Thursday, November 16, 2017

An old coal town in Central Appalachia shows a way forward for rural economies: higher education

Google Earth shows Pikeville, Ky., in a bend of the Levisa Fork of the Big Sandy River, which was cut off by a federally financed project decades ago, opening and creating land for development. It was also helped by Paul Patton, who was governor in 1995-2003 and then chancellor of the University of Pikeville. (Click on the image for a larger version.)
A year ago today, economist Lyman Stone published what Noah Smith of Bloomberg News calls "one of the most important blog posts in recent history," describing how a small university has rescued the economy of Pikeville, Ky., population 7,000, deep in the Central Appalachian coalfield.

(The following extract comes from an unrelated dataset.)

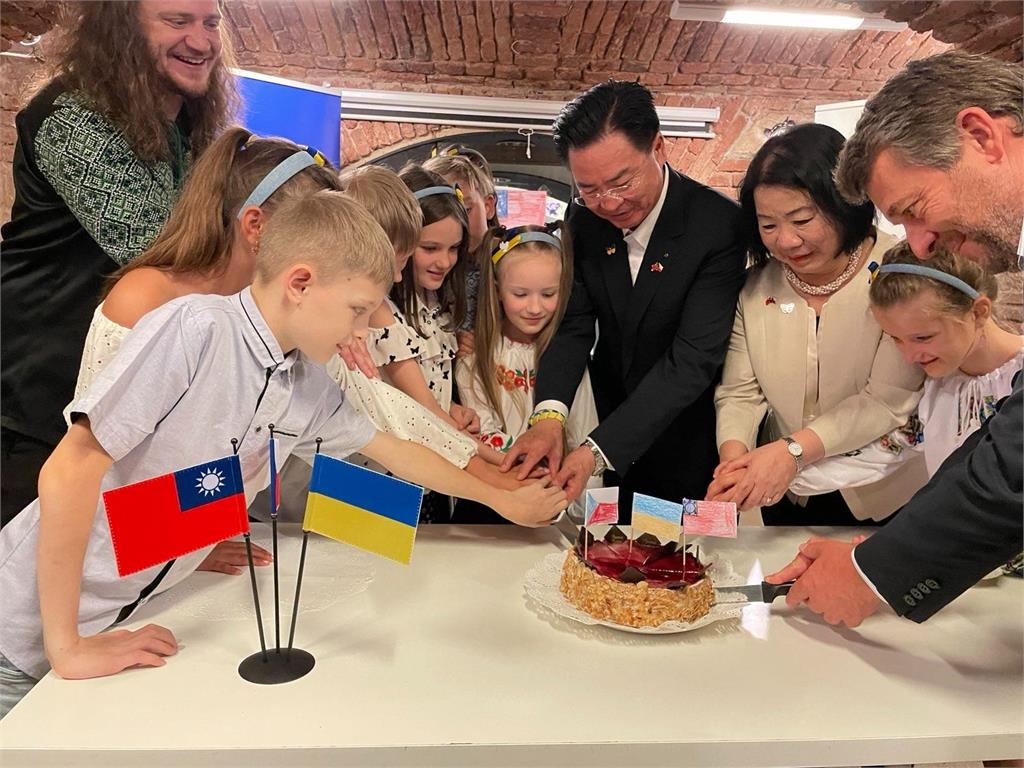 快新聞／吳釗燮參訪捷克非政府組織　與烏克蘭孩童一起切「3國旗蛋糕」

"It is not too much to say that the University of Pikeville is saving the city," which is far from any interstate highway, Stone wrote. The 3,000-student school, formerly 1,000-student Pikeville College, has an osteopathic medical school, an optometry school and graduate programs in business and education. "Those 2,000 new students amount to essentially 100 percent of the growth in greater Pikeville," Stone declared. "This knowledge-and-talent-production facility in turn helps make Pikeville Medical Center a booming and effective employer, with a brand new building completed in 2014. Pikeville Medical Center is the only Mayo Clinic Network partner in Appalachia which, again, helps it operate as not only a hub for medical services but also a key knowledge-generation site." And the school's growth has spawned many new businesses, so the town "is becoming more amenity-dense, which is a necessary precondition for lasting growth."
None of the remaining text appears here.